Adding a new InfrastructureProvider to alphaswarm_controller
Step-by-step guide for shipping a new InfrastructureProvider implementation (AGENTS rule 45 / ADR 004).
When to add a new provider
Add a provider when you need to manage workloads on a backend the existing five (docker_compose, kubernetes, aws, azure, gcp) don't cover. Examples: Nomad, Fly.io, Render, on-prem VMs via Salt/Ansible.
Checklist
1. Sketch the credential chain
What env vars does the backend's SDK read? How does it discover credentials in CI vs on a developer laptop vs in production?
Document this in your provider's _check_credentials() so the health probe can fail loudly when credentials are missing.

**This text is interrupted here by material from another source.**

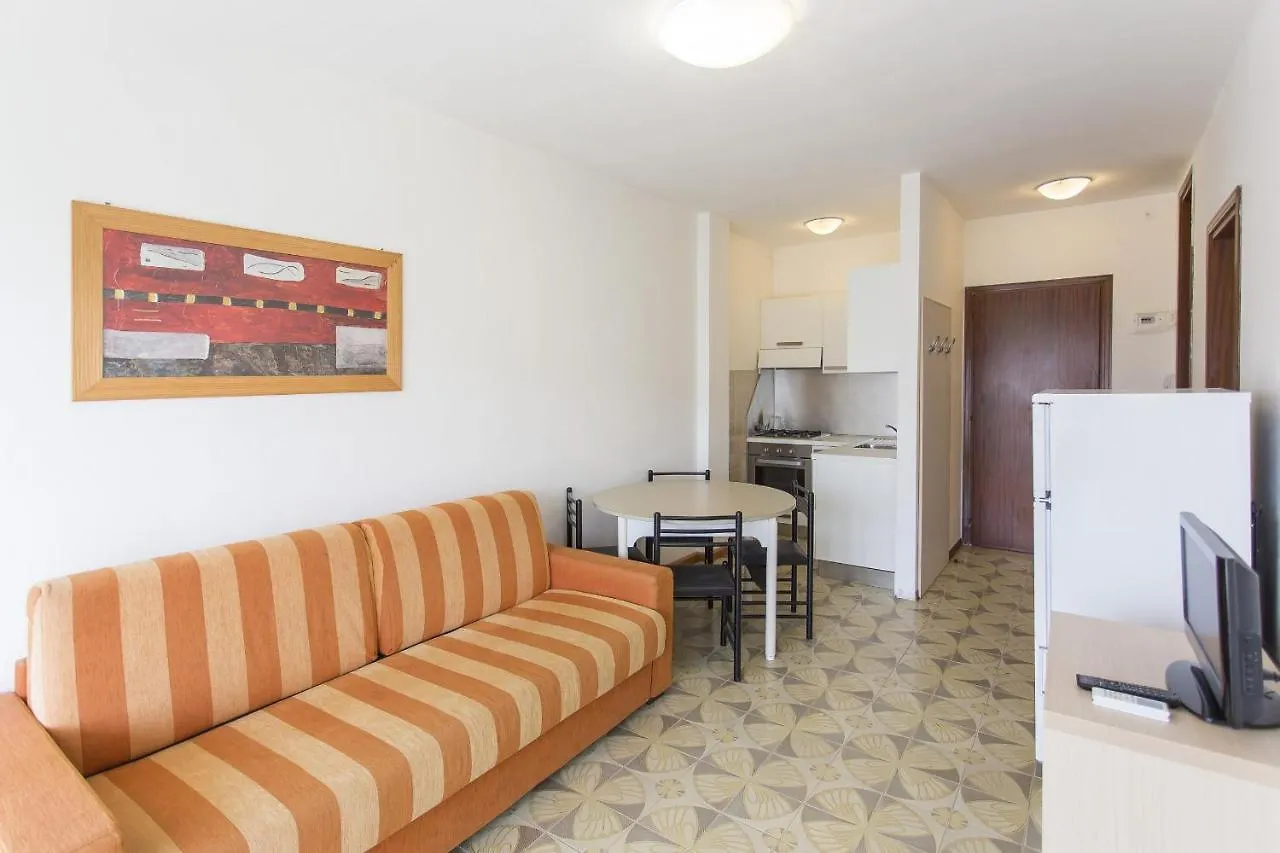 Appartamento Benelux Lido di Jesolo 0*,  Italia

2. Create the provider module
# alphaswarm_controller/src/alphaswarm_controller/providers/<name>.py
from alphaswarm_core.providers.protocol import (
InfrastructureProvider,
InfrastructureProviderError,
InfrastructureProviderUnavailable,
ProviderKind,
)
from alphaswarm_core.providers.registry import register_provider_class
@register_provider_class("<alias>", replace=True)

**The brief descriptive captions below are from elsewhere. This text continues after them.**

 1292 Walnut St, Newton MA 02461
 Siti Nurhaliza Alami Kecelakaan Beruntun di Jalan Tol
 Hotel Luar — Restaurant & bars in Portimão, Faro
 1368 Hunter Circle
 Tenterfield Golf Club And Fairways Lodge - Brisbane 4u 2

class MyProvider(InfrastructureProvider):
provider_kind = ProviderKind.<NEW_KIND>
provider_alias = "<alias>"
async def health(self) -> ProviderHealth: ...
async def start(self, spec: DeploymentSpec) -> DeploymentStatus: ...
async def stop(self, service_id: str, *, namespace=None) -> DeploymentStatus: ...
async def scale(self, service_id, replicas, *, namespace=None) -> DeploymentStatus: ...
async def status(self, service_id: str, *, namespace=None) -> DeploymentStatus: ...
async def list_deployments(self, *, namespace=None) -> list[DeploymentStatus]: ...
# Optional — override if your backend supports it.
async def get_config(self, service_id: str, *, namespace=None) -> ServiceConfig: ...
async def apply_config(self, patch: ConfigMapPatch) -> bool: ...
async def stream_metrics(self, service_id, *, namespace=None, interval_seconds=10.0): ...
3. Add a new ProviderKind
# alphaswarm_core/src/alphaswarm_core/providers/protocol.py
class ProviderKind(str, Enum):
DOCKER_COMPOSE = "docker_compose"
KUBERNETES = "kubernetes"
AWS = "aws"
AZURE = "azure"
GCP = "gcp"
NOMAD = "nomad" # <-- your new kind
4. Register in the bootstrap helper
# alphaswarm_controller/src/alphaswarm_controller/providers/__init__.py
for module_name in (
"alphaswarm_controller.providers.docker_compose",
"alphaswarm_controller.providers.kubernetes",
"alphaswarm_controller.providers.aws",
"alphaswarm_controller.providers.azure",
"alphaswarm_controller.providers.gcp",
"alphaswarm_controller.providers.<name>", # <-- add yours
):
...
5. Optional deps go in pyproject.toml extras
[project.optional-dependencies]
<name> = ["sdk-package>=X,<Y"]
all-providers = [
"alphaswarm-controller[docker_compose,kubernetes,aws,azure,gcp,<name>]",
]
6. Write contract tests
Two test files:
# alphaswarm_controller/tests/providers/test_<name>.py — unit tests over the
# translation helpers (e.g. spec_to_<backend>, response_to_status)
# alphaswarm_controller/tests/providers/test_<name>_integration.py — full
# contract test against a mocked SDK (moto for AWS, MagicMock for others)
Reuse the assertion patterns in test_docker_compose.py and test_kubernetes.py.
7. Update the bootstrap registry test
# tests/providers/test_registry.py
def test_bootstrap_registers_all() -> None:
registry = bootstrap()
for expected in ("docker_compose", "kubernetes", "aws", "azure", "gcp", "<name>"):
assert expected in registry.aliases()
8. Update the README + this runbook
Add your provider to the table in alphaswarm_controller/README.md and the per-cloud sections below.
Per-cloud setup notes
AWS
- Active provider:
ALPHASWARM_CP_PROVIDER=aws - Credentials: standard boto3 chain (env vars /
~/.aws/credentials/ EC2 / EKS pod identity / WebIdentity) - IAM minimum:
ecs:DescribeServices,ecs:UpdateService,ssm:GetParameter*,ssm:PutParameter*, plus EKS read perms when using the K8s sub-path
Azure
- Active provider:
ALPHASWARM_CP_PROVIDER=azure - Credentials:
azure-identitychain (env vars / Managed Identity / federated identity / Azure CLI) - IAM minimum: Contributor on the AKS / Container Instances resource group
GCP
- Active provider:
ALPHASWARM_CP_PROVIDER=gcp - Credentials:
GOOGLE_APPLICATION_CREDENTIALSenv var pointing to a service account JSON, OR Workload Identity (preferred in production) - IAM minimum:
run.developer,container.developer,secretmanager.admin(per project)
Definition of done
- Provider class registered +
provider_kindmatches alias - All seven abstract methods implemented (or raise
InfrastructureProviderUnavailablewith a structured message) - Credential probe in
health()returns a useful error when creds are missing - Unit tests + contract tests passing
-
tests/providers/test_registry.pyupdated - README + this runbook updated
- CI matrix builds + tests with the new optional dep group